* **PROBLEM TO SOLVE**
Your reply must contain the full listing below, reproduced exactly, but no pictures.

# # #

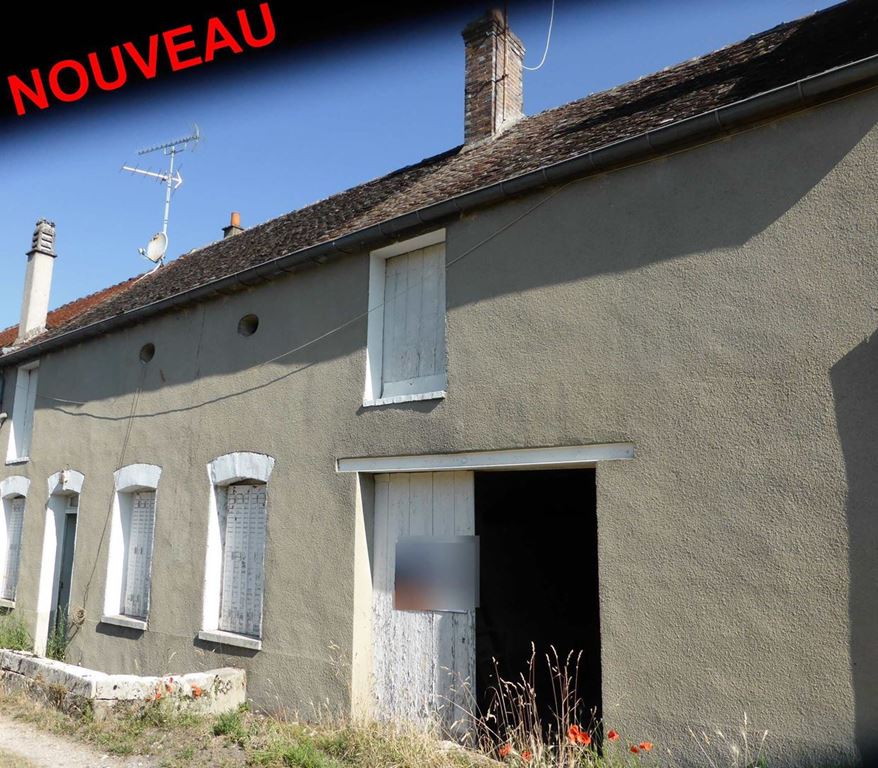 Maison en pierre DORDIVES (45680) Contact Immobilier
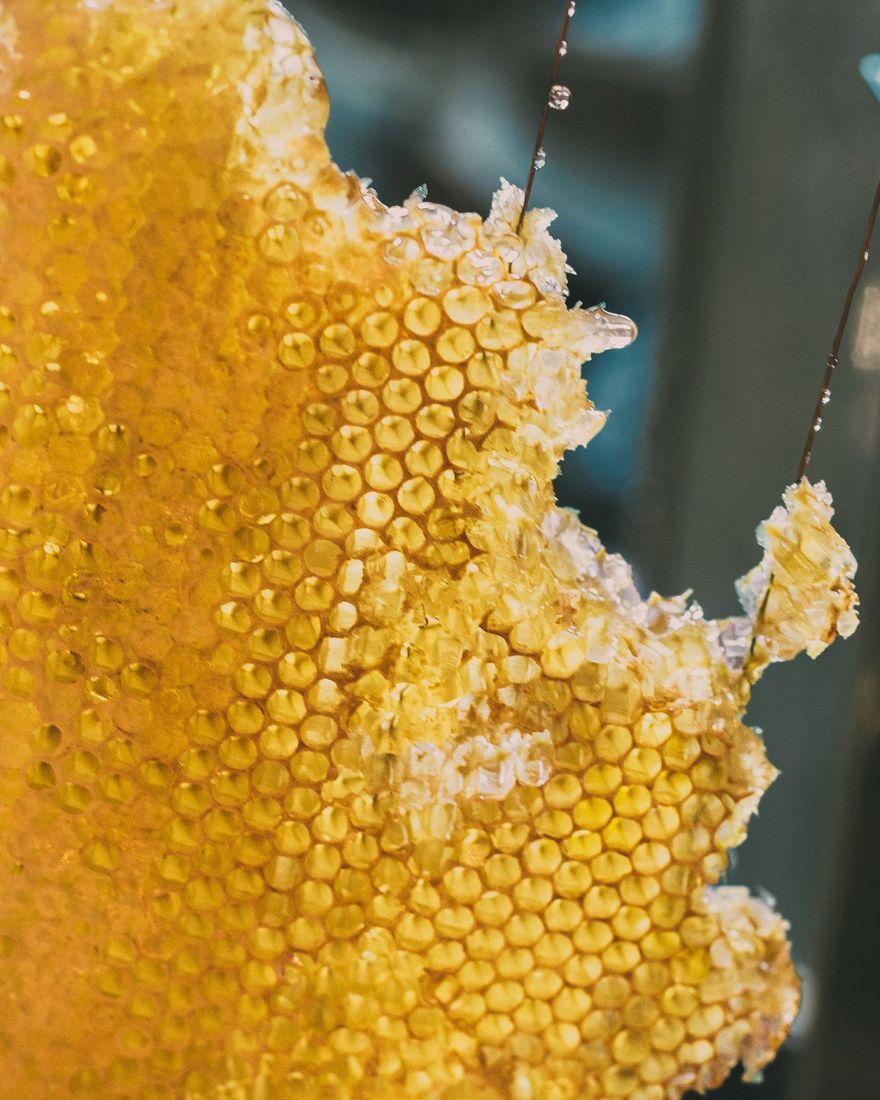 Panal de abeja dorado con la miel escurriendo por las celdas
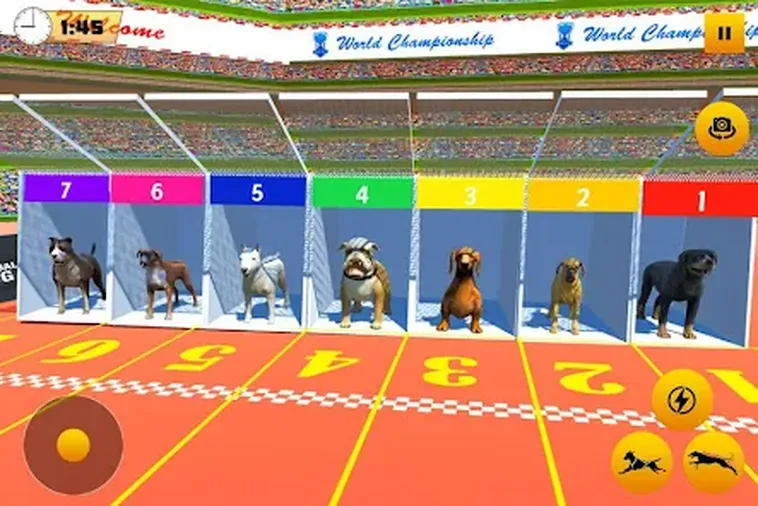 Cách Chơi Game Nhanh Đua Chó Tại Miso88 Dễ Thắng Trong Vài Phút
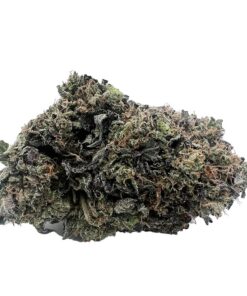 PLATINUM GUCCI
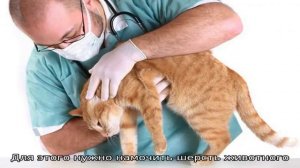 Блошиный дерматит у кошек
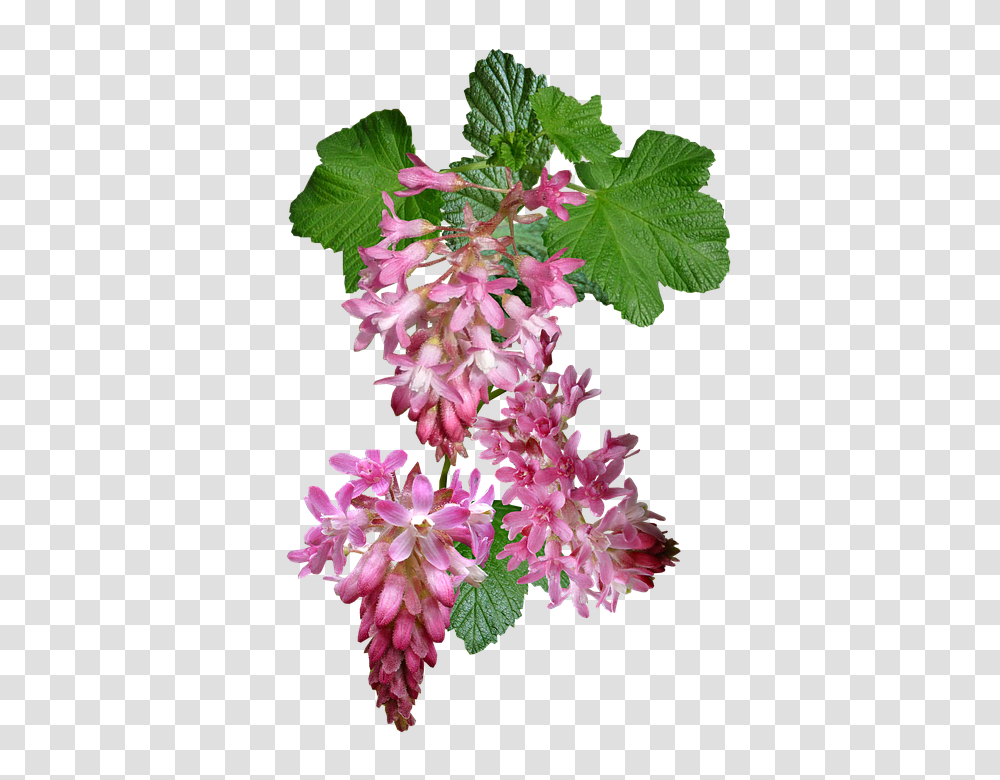 Flowering Currant 960, Plant, Geranium, Blossom, Flower Arrangement Transparent Png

# # #

* **SOLVED EXERCISE**
 Maison en pierre DORDIVES (45680) Contact Immobilier
 Panal de abeja dorado con la miel escurriendo por las celdas
 Cách Chơi Game Nhanh Đua Chó Tại Miso88 Dễ Thắng Trong Vài Phút
 PLATINUM GUCCI
 Блошиный дерматит у кошек
 Flowering Currant 960, Plant, Geranium, Blossom, Flower Arrangement Transparent Png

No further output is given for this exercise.